It seems the whole world is having some web work done – there’s a name for that effect that slips my mind at the moment.  Occasionally, someone will tweet the announcement of their web re-do, and I like to check out what other folks have done.

But for all of the slick features or social media tie-ins and whatnot that I’m seeing recently, it seems to me to be really all the same.  There’s the big 4 categories: buying, selling, about the area/neighborhoods, about the agent, and we’ll throw in relocation as a 5th.

The more similarities I draw between real estate websites, the more I look at them, I wonder: who is this for?

It’s like watching your favorite TV show and noticing that every commercial is not aimed at you.  Have you ever done that?  Pay attention to the commercials and decide who the target audience is for every commercial during your favorite show.  It’s an interesting thought exercise.

So I’m looking at these sites and thinking, who is this for? 

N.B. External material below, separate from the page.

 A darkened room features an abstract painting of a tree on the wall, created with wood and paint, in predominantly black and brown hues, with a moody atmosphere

In my own online re-do, I’m trying to target a more specific audience.  The hyper-local stuff that’s been discussed elsewhere, yes to a degree, but not only where, also the who.  Is this a first time buyer?  Is this a relocating person?  Is this a move-up buyer?  A foreign national?  A vacation or investment property purchaser?

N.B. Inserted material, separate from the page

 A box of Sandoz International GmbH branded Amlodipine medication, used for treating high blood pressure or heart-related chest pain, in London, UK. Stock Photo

I can look at those different audiences and decide what that person wants to see, and then I need to present it to them in the proper manner at the proper time.  There’s a lot of overlap of information, but presentation is completely different.

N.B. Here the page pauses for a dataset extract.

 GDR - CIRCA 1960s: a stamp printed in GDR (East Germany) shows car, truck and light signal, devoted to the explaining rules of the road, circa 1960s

For example.  The first time buyer and the vacation home buyer are both going to want to know about the areas.  The first timer and the vacation home buyer may need to learn about cost of home maintenance, as one has never owned and the other may not be familiar with homes in the area.  They both need financing information, but the first timer needs some hand holding, while the vacation home buyer has most likely been to that rodeo a couple of times.

One more example.  If I want to break into the luxury market, then I know that buyer is most likely a baby boomer and I need to emphasize lifestyle, I need neighborhood descriptions and amenities, not a huge section on schools.  I also know that the high end market tends to pick their agent largely from referral, and that’s not going to be easy for me to tap into – but – something like 9% of that group find their agent online.  And that 9% are most likely new to the area because they don’t have a network of people here to get an agent referral from: they are luxury relocaters and vacation home buyers. 

I can’t have the same website for my luxury relocating baby boomers as I do for my first-timers.  Totally different audiences need a totally different presentation of information.  And not only do they want to see different things at different times – if you’re really targeting a specific market segment, you’ve got to tailor to that segment.  I’m talking fonts, colors, navigation, not just the information itself.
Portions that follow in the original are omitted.